"Recent data showed that the death toll reached 29, with maximum casualties recorded in Central Bengkulu reaching 22 dead," Rusdi Bakar, the Bengkulu Disaster Mitigation Office (BPBD) head, remarked here, Monday.
Rescue team members have extended continued assistance to victims of flooding and landslides and searched for those gone missing.
Three died respectively in Kepahiang and Bengkulu District as well as one in Lebong District.
Of the 13 missing people, 10 are the residents of Central Bengkulu, two from Bengkulu City, and one in Kaur District.
Landslides cut off access to several roads in Central Bengkulu and isolated the sub-districts of Mengi Sakti and Pagar Jati.
Some 13 thousand people were affected, while 12 thousand others were displaced and forced to evacuate to higher ground.
Meanwhile, environmental activists earlier pointed to eight coal mining companies operating in the Bukit Daun Protection Forest buffer zone that is the upstream water catchment area of the Air Bengkulu River that began overflowing following torrential rain and inundated the Central Bengkulu region and Bengkulu City.

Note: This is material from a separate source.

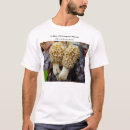 Buscar multi región Naturaleza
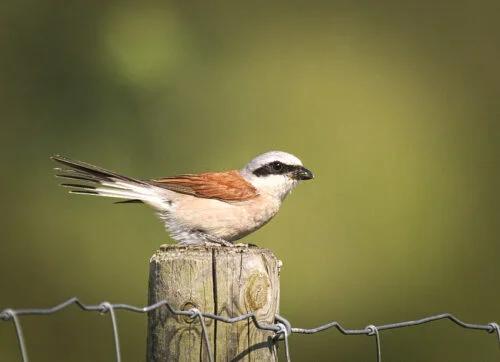 Red-backed Shrike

"Floods that struck nearly all districts and cities in Bengkulu Province could not solely be attributed to the rains lashing this area on April 26, 2019, from noon to night, but a coal mine in the upper Bengkulu River that is believed to be the root cause," Director of Bengkulu Canopy, Ali Akbar remarked here on Sunday.
Akbar believes that the existing Bengkulu, Ketahun, and Musi rivers being unable to accommodate the flow of water should be the key area of concern to unearth the main cause of the disaster.
He believes the ecological balance of the region had been lost, so disasters occurring in this area are not the result of natural factors but human intervention in the form of extractive industry permits in the upstream region of the river.